The dissertation also reveals differences between the municipalities, regarding organization of services and professional approaches. This results in variations in how the municipalities provide health and social care services to service recipients with mental health and substance abuse challenges, and the degree of integration of these services. This has implications for the universal welfare state. When service recipients receive integrated services in one municipality, but not in another, it may indicate that the goal of universalism is under pressure.

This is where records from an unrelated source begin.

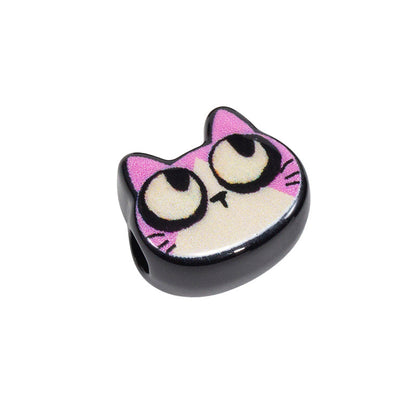 Painted Big Eyed Kitten Acrylic Beads 18mm Colorful Mixed 10pcs 15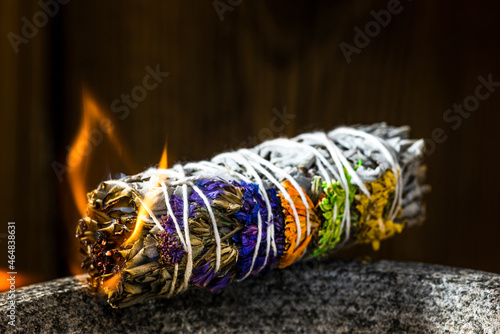 Sage Stick Smudging Ceremony. Burning Ritual for Meditation or Yoga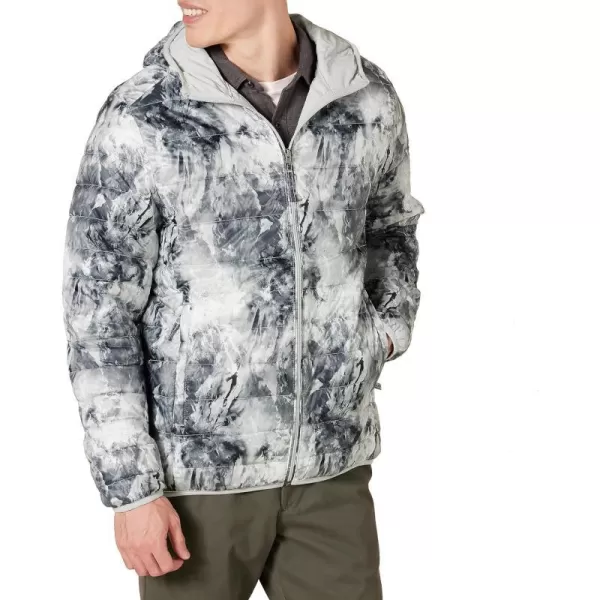 Amazon Essentials Mens Lightweight WaterResistant Packable Hooded Puffer JacketMarble Print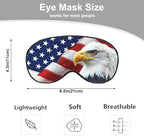 Bald Eagle Eye Mask Sleeping Mask American Flags Striped Stars Sleep Masks Silky Soft Eye Cover for Women Men Shading Blindfold for Air Travel Sleeping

Such variations also raise the question of whether there is a need to evaluate the decentralized welfare model, where the municipalities are responsible for implementing and providing primary health and social care services.

Finally, the findings in this dissertation show that professional approaches, competence, and collaborative cultures are cornerstones in a sustainable service system. Professionals’ and managers’ capacity to respond to changes and challenges may promote sustainability in health and social care services. This highlights the importance of using resources on education and on developing competence and collaborative cultures among professionals and managers, rather than on costly reorganizations of services.